Seems very reasonable to me. Until Bjoern reminded me, I forgot about the SGML declaration for HTML 4.

>It's probably a mistake that XML allowed these C1 characters, because they are
>nearly always miscoded CP1252 characters. XML 1.1 tried to fix this problem
>but we all know what happened to that.

Yes, indeed.
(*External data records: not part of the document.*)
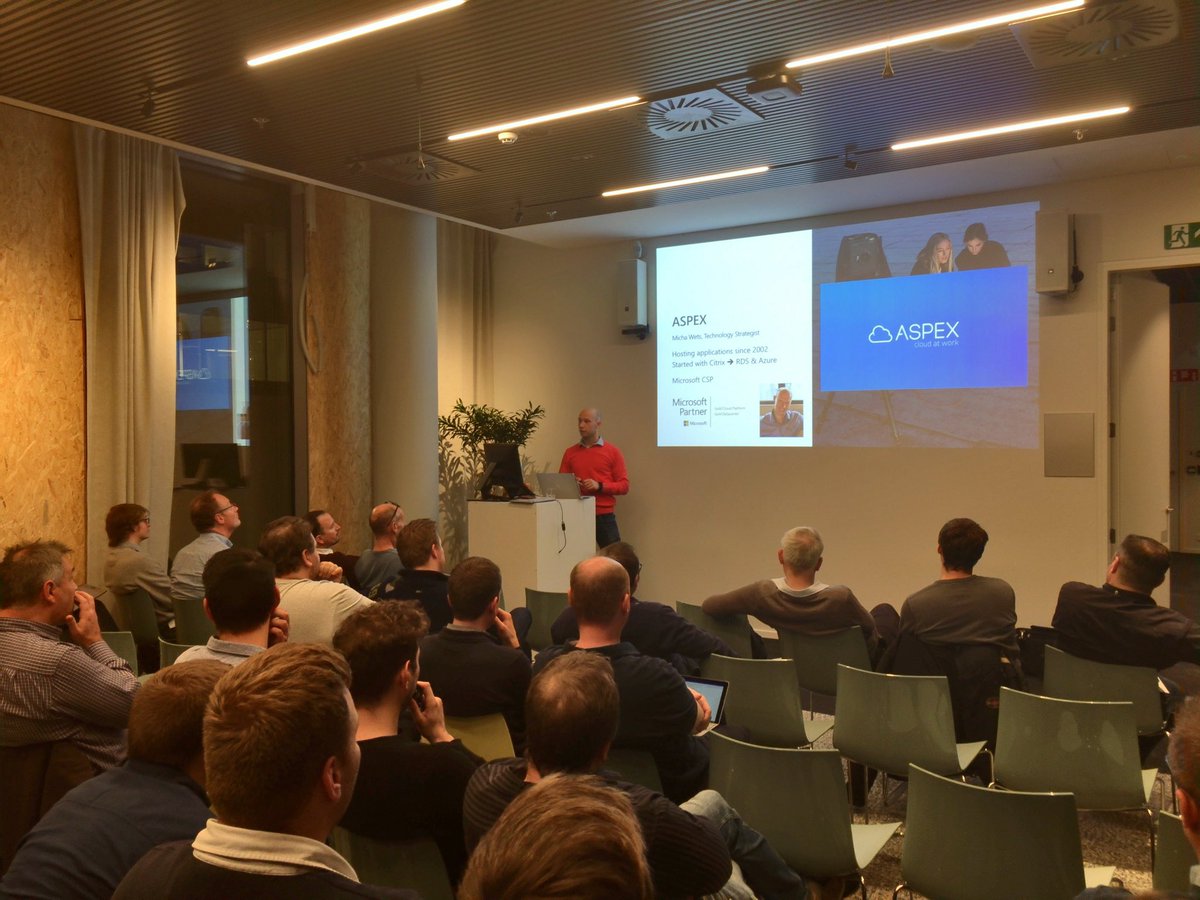 MichaWets's tweet image. Thank you @Techninebe for having me. Great sessions from @ErikMoreau, @evilbart &amp;amp; ThomasCollier! I really enjoyed giving my session about #MsWVD (#RDmiEvolved) in the new offices of @Microsoftbe !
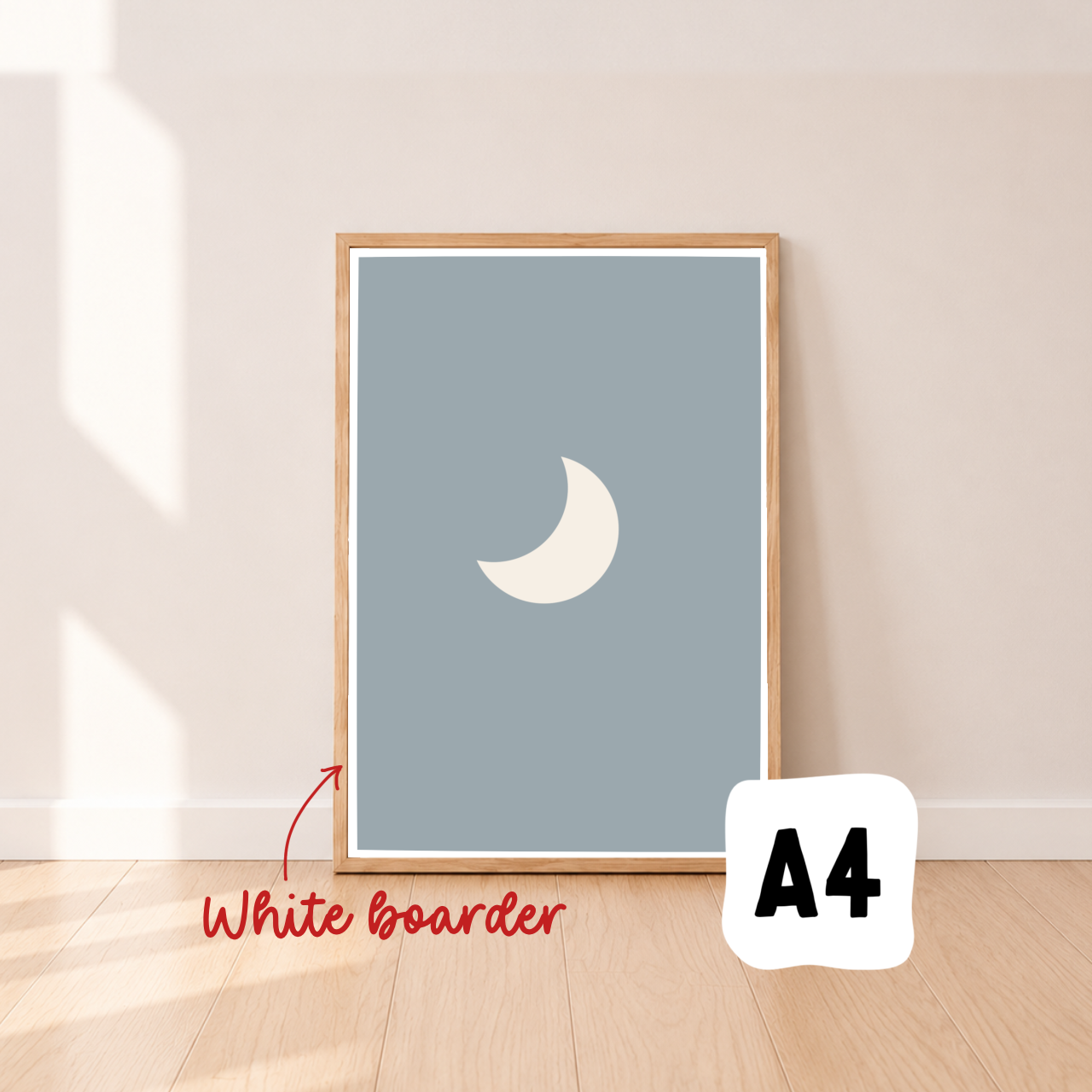 Crescent moon wall print ~ River ~ Sale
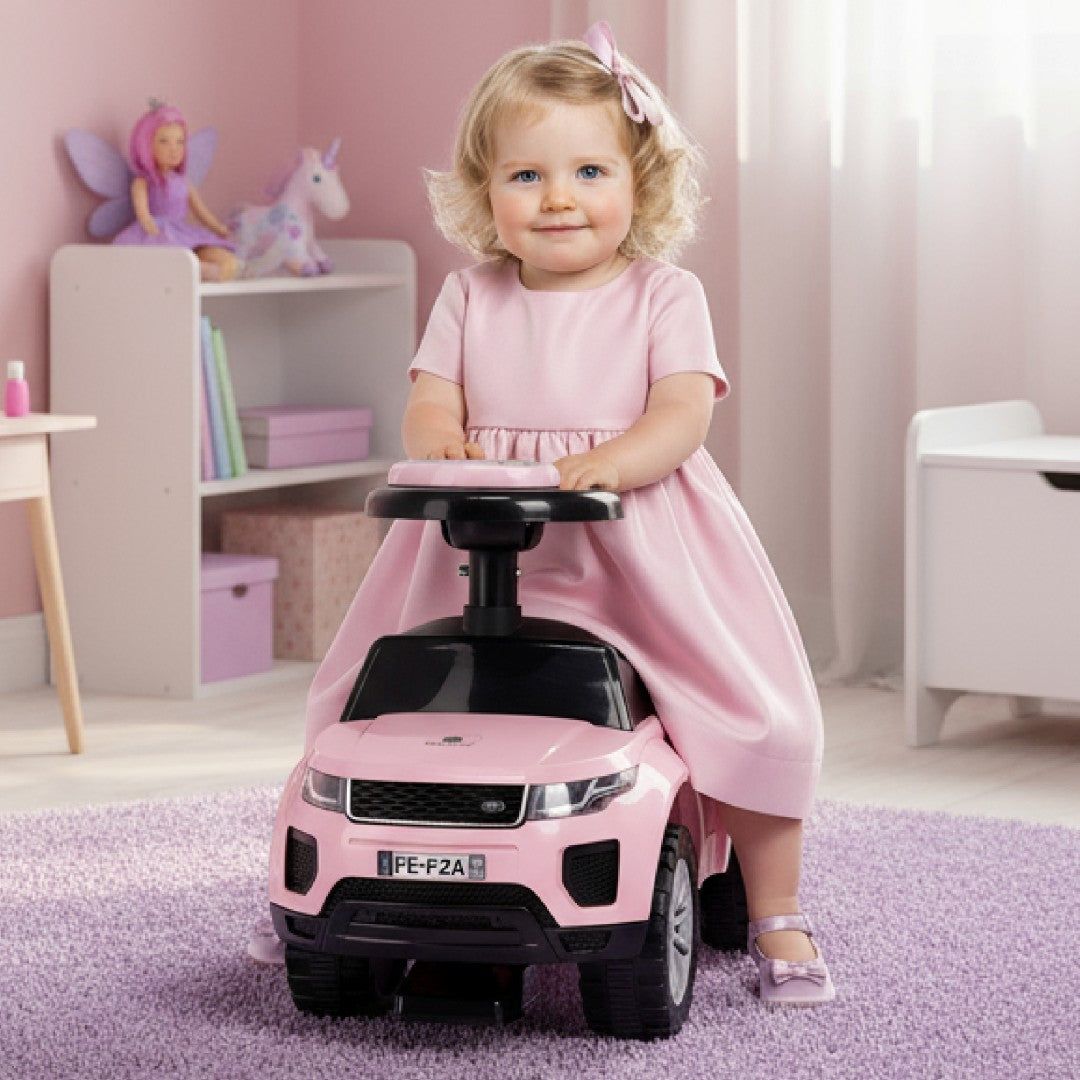 Sun Baby Rutschauto für Einjährige, hellrosa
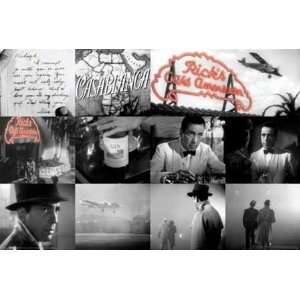 Casablanca Memories Collage Movie Cinema Poster 24 x 36 inches  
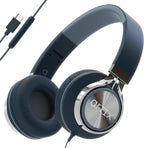 ARTIX CL750 USB C Wired Headphones with Mic & Volume Control Noise Isolating for iPhone 15-16, Samsung Computer Earphones Wired, On-Ear with Wire, Plug in and Play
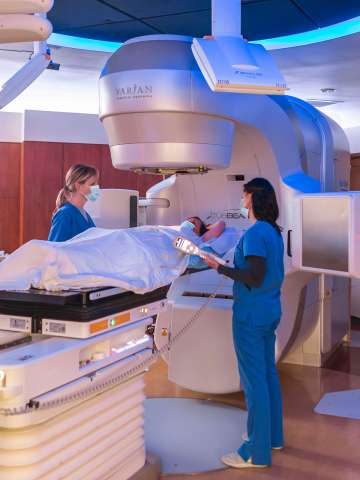 Radiation oncology scan, Truebeam machine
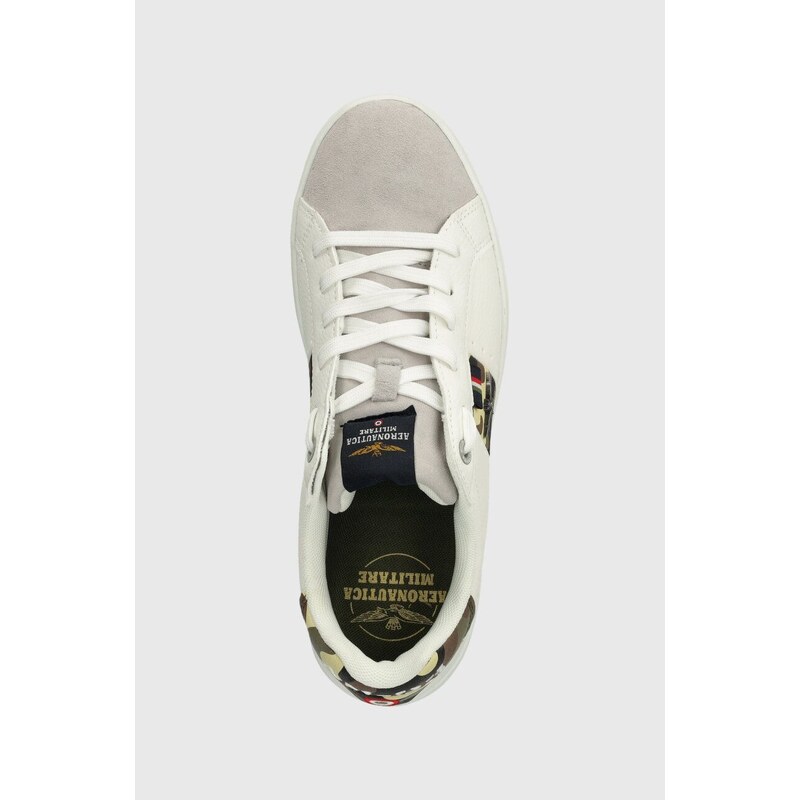 Sneakers boty Aeronautica Militare bílá barva, SC211CT3226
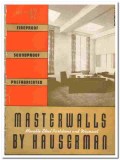 E F Hauserman Company 1942 vintage wall catalog Masterwalls partitions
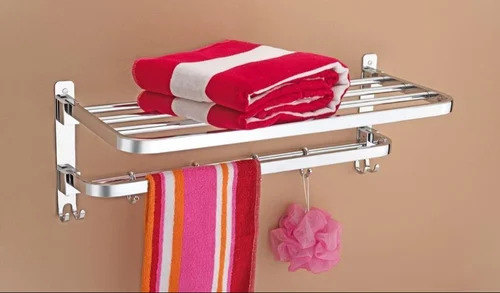 Towel Rack - Color: Silver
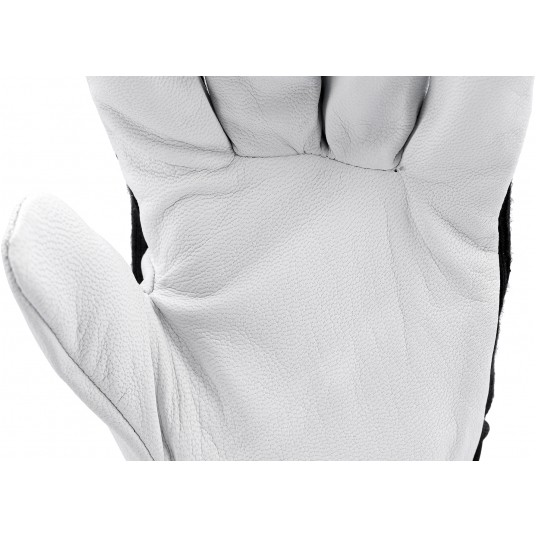 RĘKAWICE ROBOCZE SKÓRA ROZM. 8 CZARNE -zdjęcie numer 5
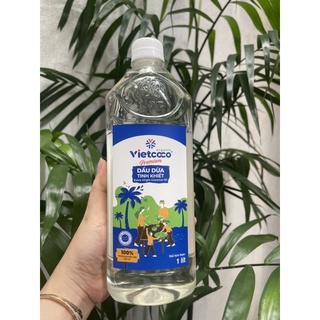 Chai 1 Lít dầu dừa Ép lạnh Viet coco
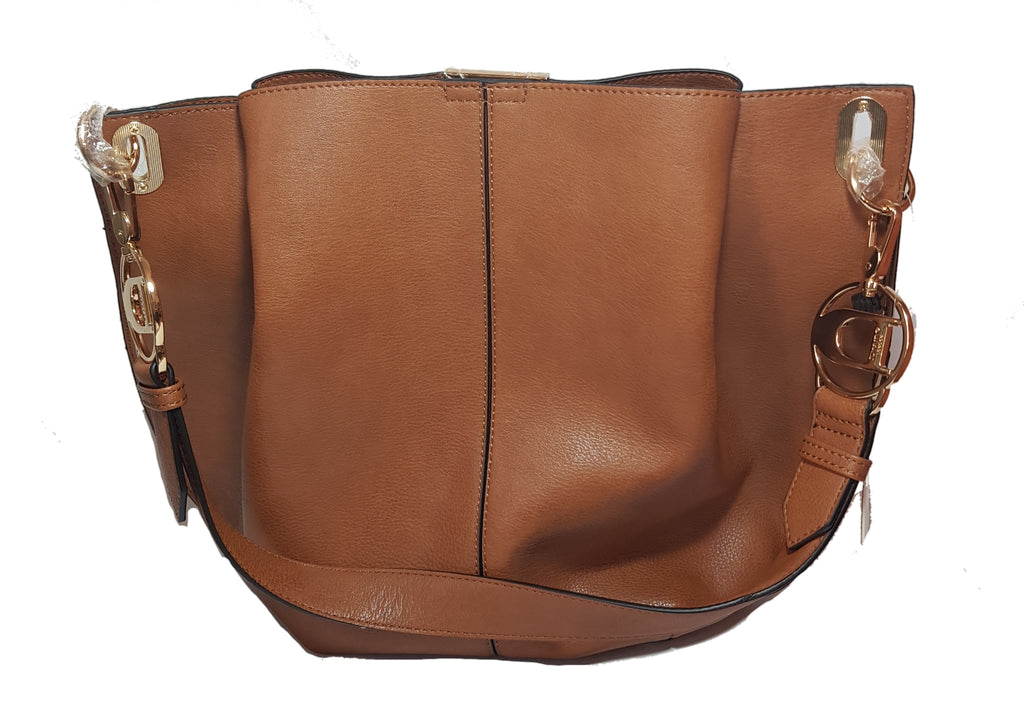Dune Tan 'Derly' Large Shoulder Bag | Brand New |
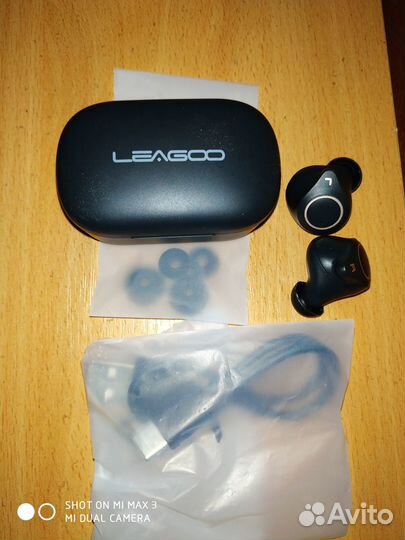 Новые Leagoo AirBass A1 BT5.0 IPX5 aptX наушники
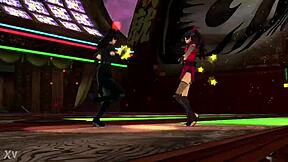 Sensual Jokar Dances Lifting Painter's Cock for Gaymer Thrill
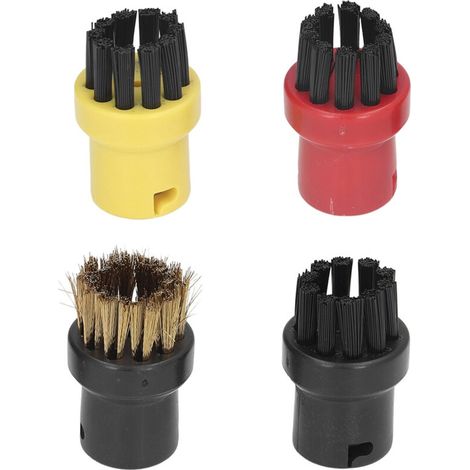 Kleine Runde Bürstenköpfe Für Dampfreiniger, Passend Für Kärcher Sc1, Sc2, Sc3, Sc4, Sc5 Und Sc7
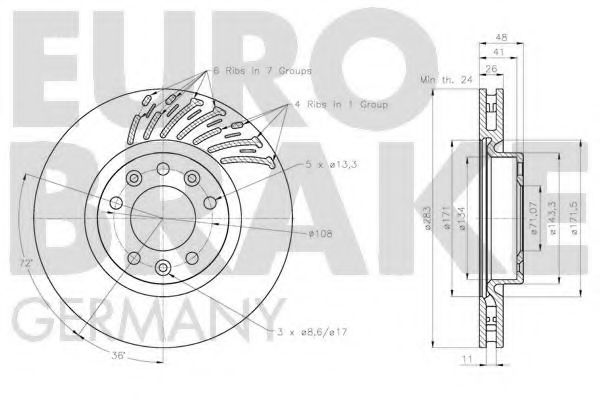 EUROBRAKE 5815201956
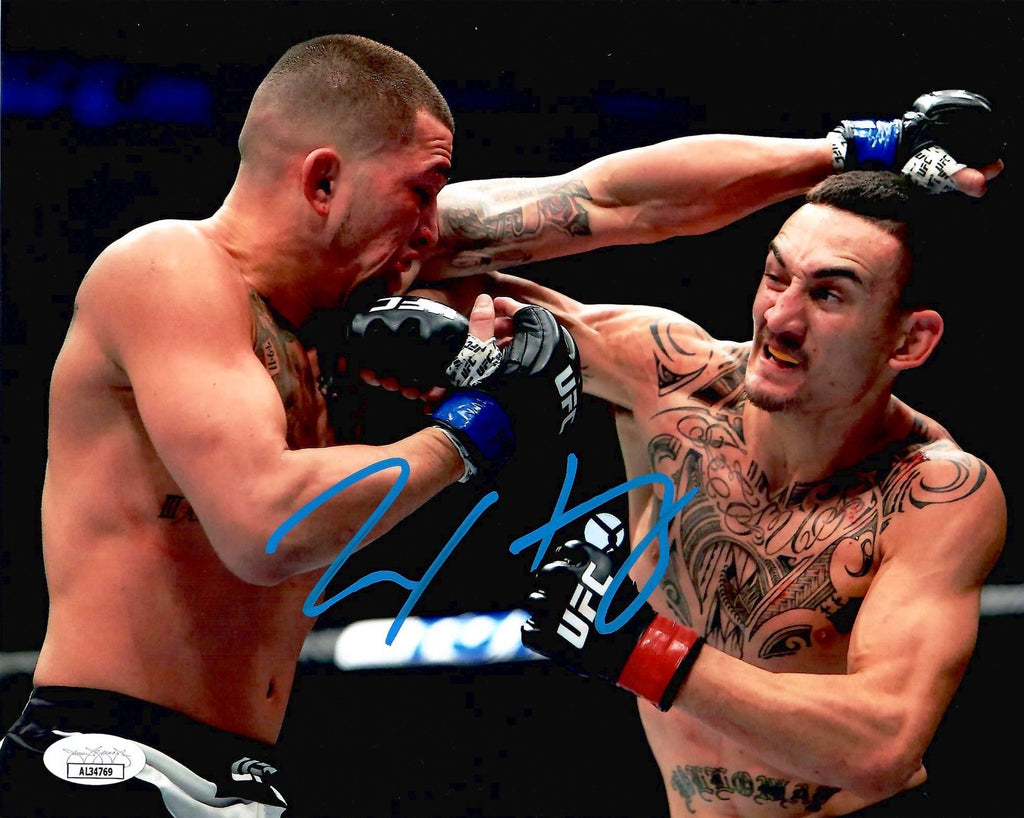 Max Holloway autographed signed 8x10 photo UFC Blessed JSA COA Anthony Pettis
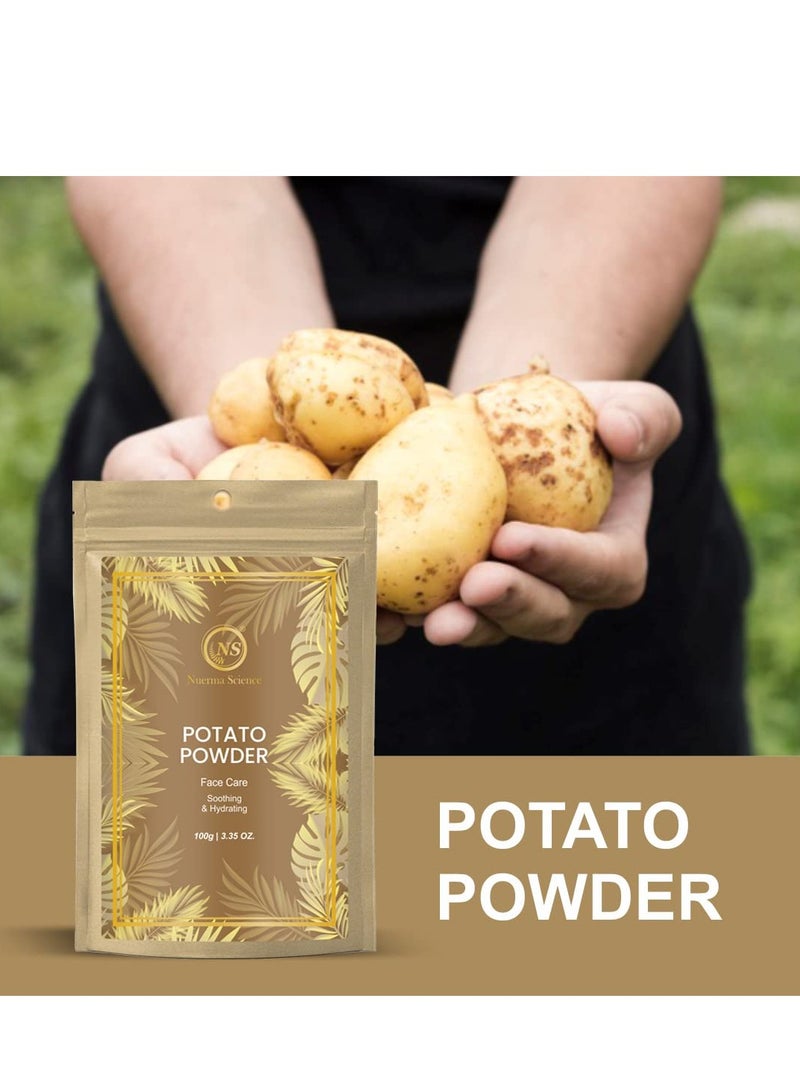 Nuerma Science مسحوق البطاطس الطبيعي من نيرما ساينس لتفتيح وتبييض لون البشرة - 100 جرام - Image 4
We've tried to avoid the complications of handling XML 1.1 in our tool chain.

>In the meantime, the result is that you feed a bad character
>nto the start of your processing pipeline and you discover
>the problem at the final stage when HTML emerges.

I was just a bit surprised that the error was caught so far down the line.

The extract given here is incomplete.